São Paulo – O que era temido aconteceu: os brasileiros vão ter de pagar 10 bilhões de reais a mais nos cinco meses que restam deste ano para abastecer seus veículos com gasolina, etanol ou diesel. Mas isso não significa que os tanques vão ficar mais cheios. Na verdade, esses recursos irão para os cofres públicos. No dia 20 de julho, o governo anunciou a elevação das alíquotas dos impostos PIS e Cofins que incidem sobre os combustíveis, uma medida tomada para tentar atingir a meta fiscal de um déficit de 139 bilhões de reais neste ano.
A repercussão, no entanto, não será apenas para quem anda de carro, pois o encarecimento dos combustíveis afeta os serviços de transporte e, portanto, os custos das empresas país afora. O banco Safra já estima que a inflação deste ano será de 3,5%, e não mais de 3,1%, como esperava anteriormente. A consultoria MB Associados aposta que a taxa básica de juro cairá para 8,25% até dezembro, mas não aguarda novos cortes depois disso.

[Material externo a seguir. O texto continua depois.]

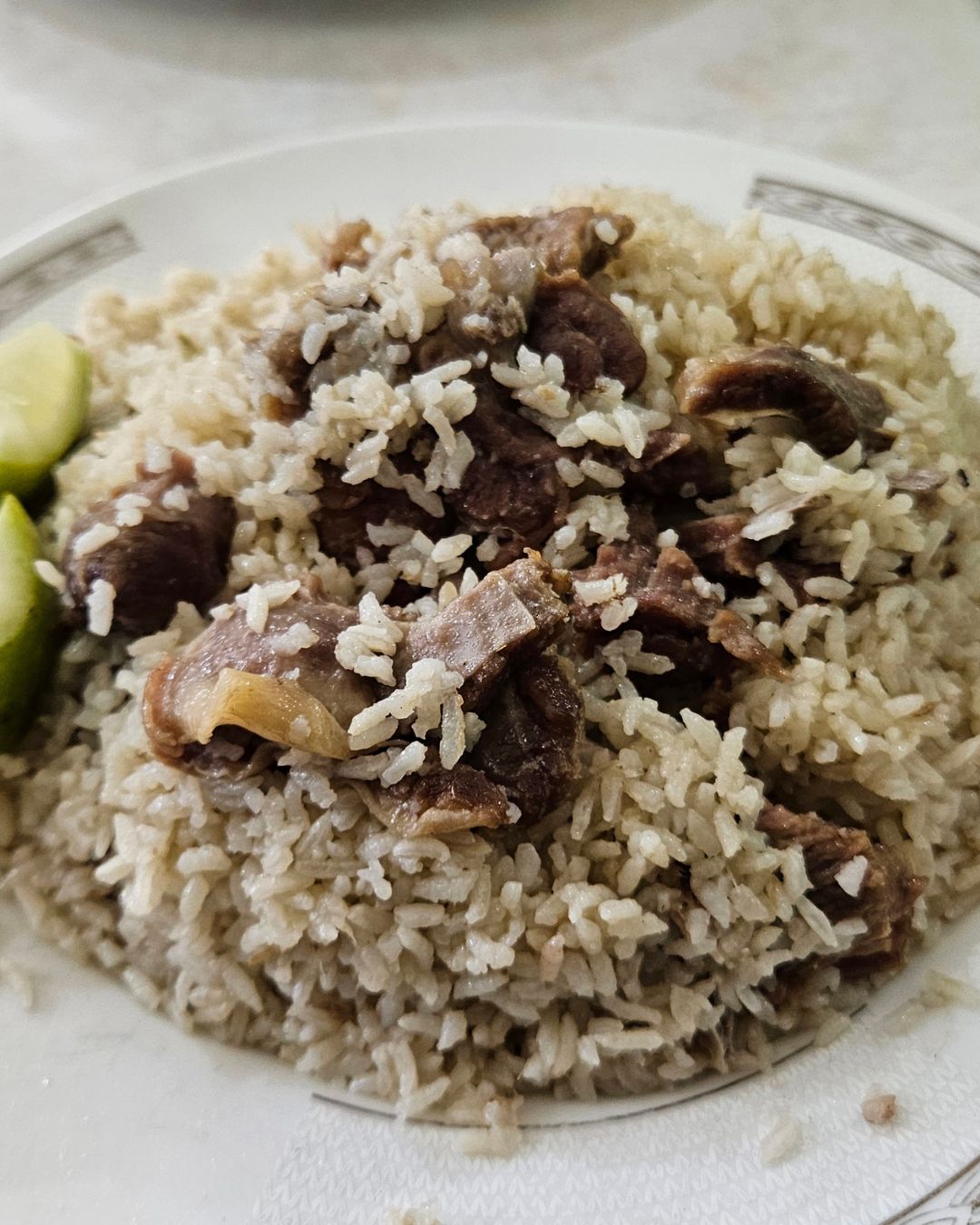 Traditional beef biryani served at Haji Biryani Old Dhaka with aromatic rice and spices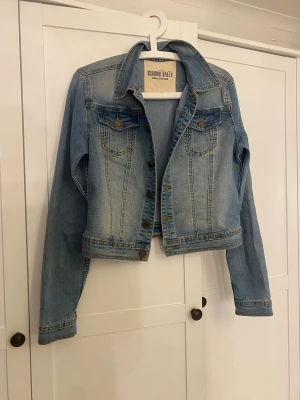 Ljusblå jeansjacka från Serious Sally - Helt ny Snygg ljusblå jeansjacka från Serious Sally med klassisk krage, bröstfickor med knappar och slitna detaljer. Jackan har långa ärmar och bronsfärgade knappar framtill. Perfekt för dig som gillar en chill och tidlös denimstil.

“Tanto a incerteza fiscal quanto a possibilidade de novos aumentos de impostos podem colocar o Banco Central novamente em modo cauteloso”, diz Sergio Vale, economista-chefe da MB. Essa mudança retarda o impulso que a política monetária pode dar à recuperação econômica. E o que todos esses números mostram é que, diante da dificuldade de ajustar o orçamento oficial, a principal saída do governo é a mesma de sempre: tirar mais da população em geral.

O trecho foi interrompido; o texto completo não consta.